**What the exercise asks**: Every line in the data below that holds "High" should be found and copied.

---------- Material for the task

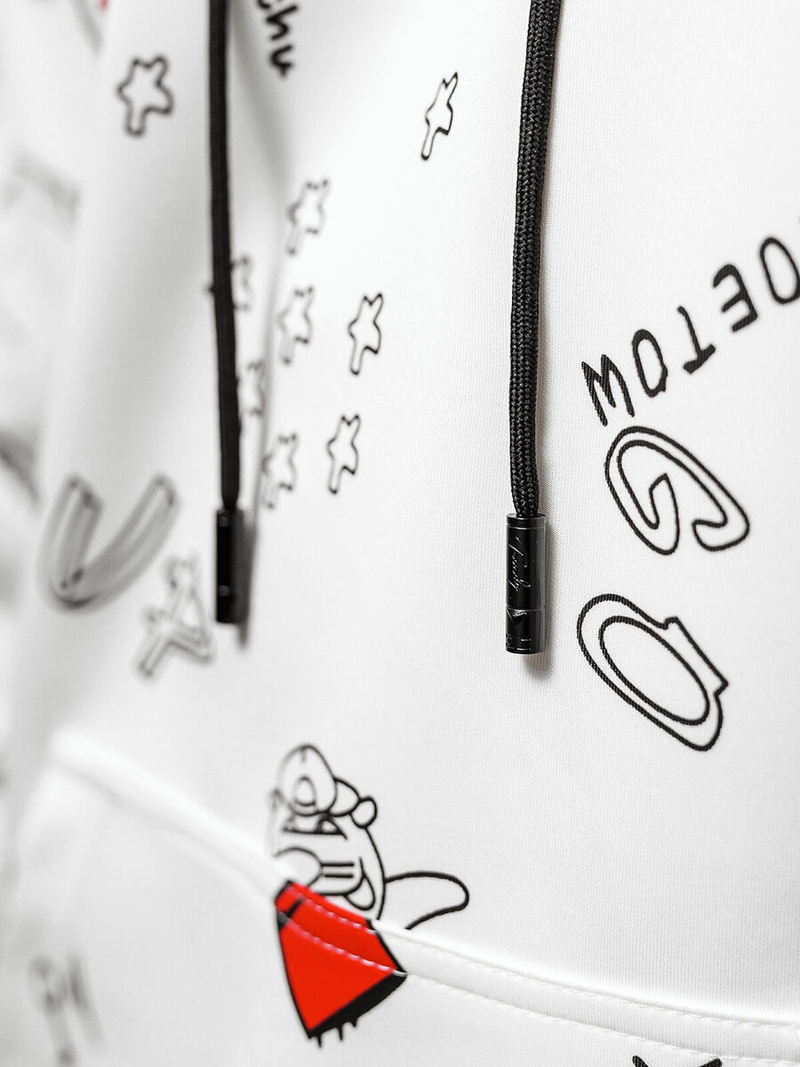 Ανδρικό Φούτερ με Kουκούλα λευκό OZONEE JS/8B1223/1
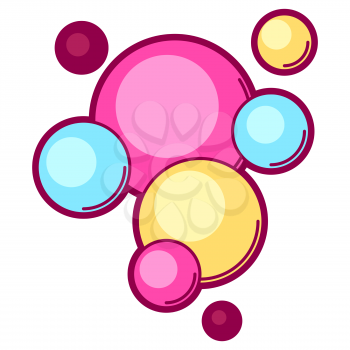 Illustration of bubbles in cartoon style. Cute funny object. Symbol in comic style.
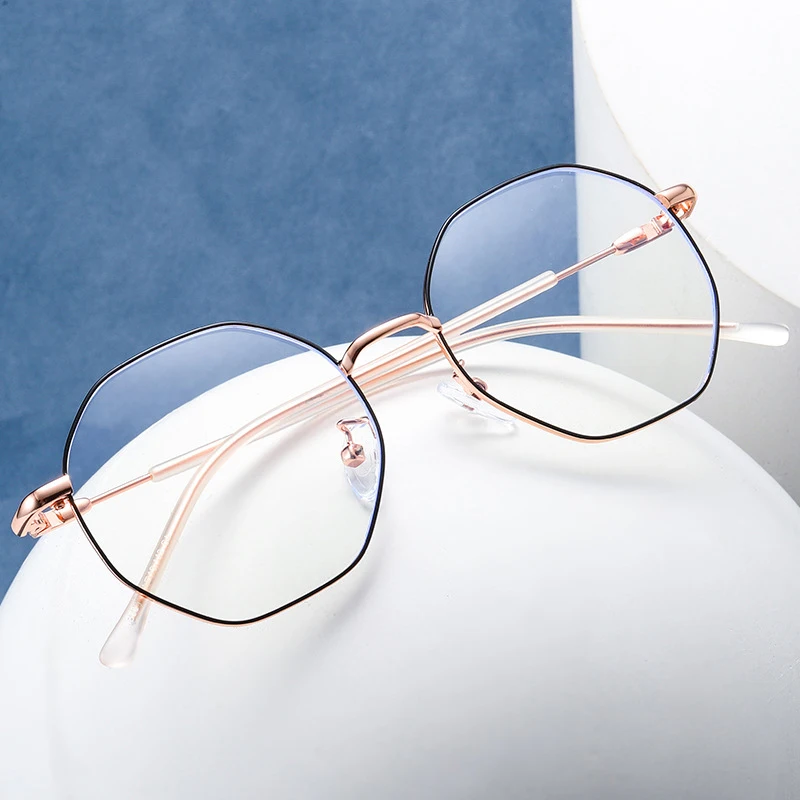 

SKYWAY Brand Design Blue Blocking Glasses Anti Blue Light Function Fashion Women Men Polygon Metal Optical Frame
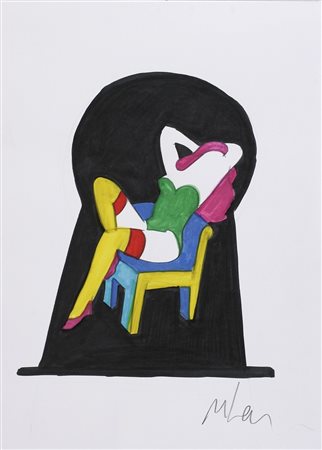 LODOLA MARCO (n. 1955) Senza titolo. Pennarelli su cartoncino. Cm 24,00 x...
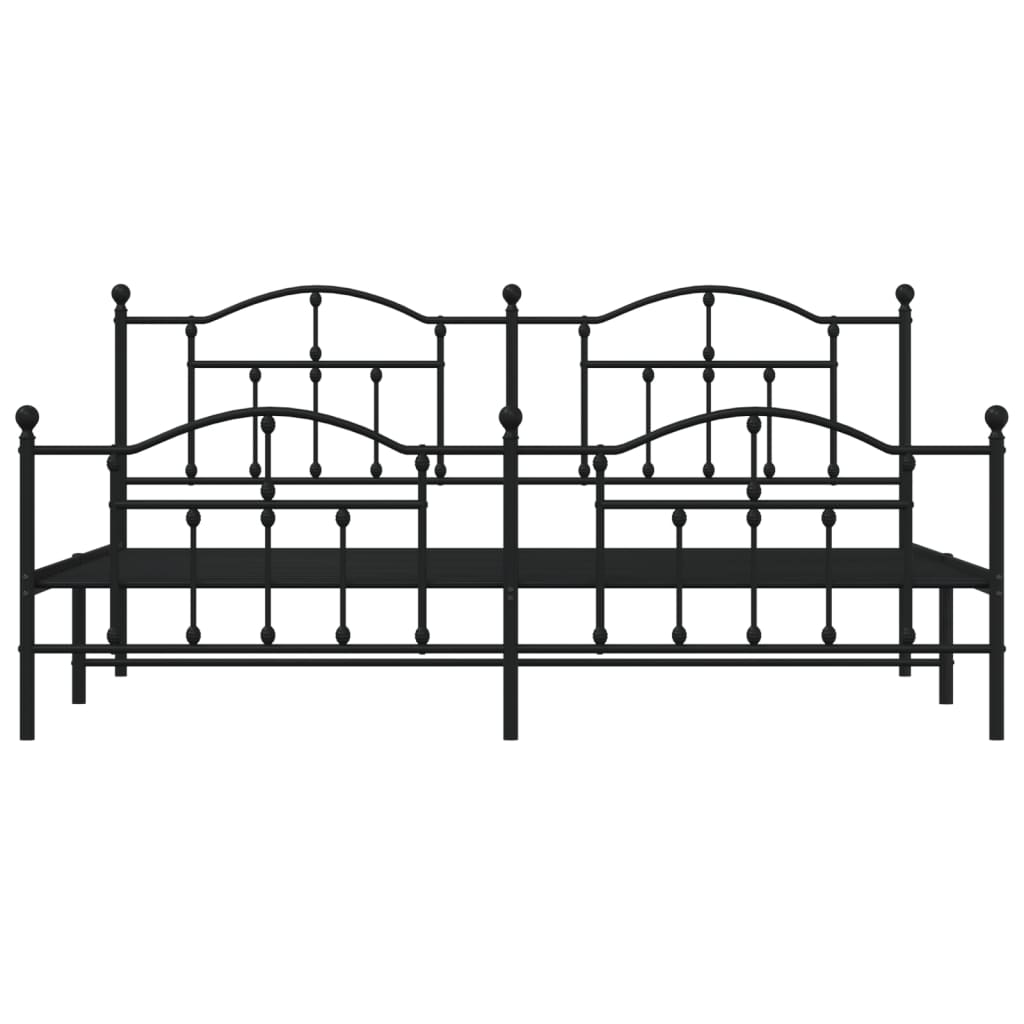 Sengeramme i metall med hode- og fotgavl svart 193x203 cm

--------------------
---------- Material for the task

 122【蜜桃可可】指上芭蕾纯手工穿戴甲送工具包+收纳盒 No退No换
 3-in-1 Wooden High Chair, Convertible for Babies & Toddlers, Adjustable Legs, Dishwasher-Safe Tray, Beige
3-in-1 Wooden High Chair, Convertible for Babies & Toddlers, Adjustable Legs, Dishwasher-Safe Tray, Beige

--------------------

**Solution below**:
 3-in-1 Wooden High Chair, Convertible for Babies & Toddlers, Adjustable Legs, Dishwasher-Safe Tray, Beige
3-in-1 Wooden High Chair, Convertible for Babies & Toddlers, Adjustable Legs, Dishwasher-Safe Tray, Beige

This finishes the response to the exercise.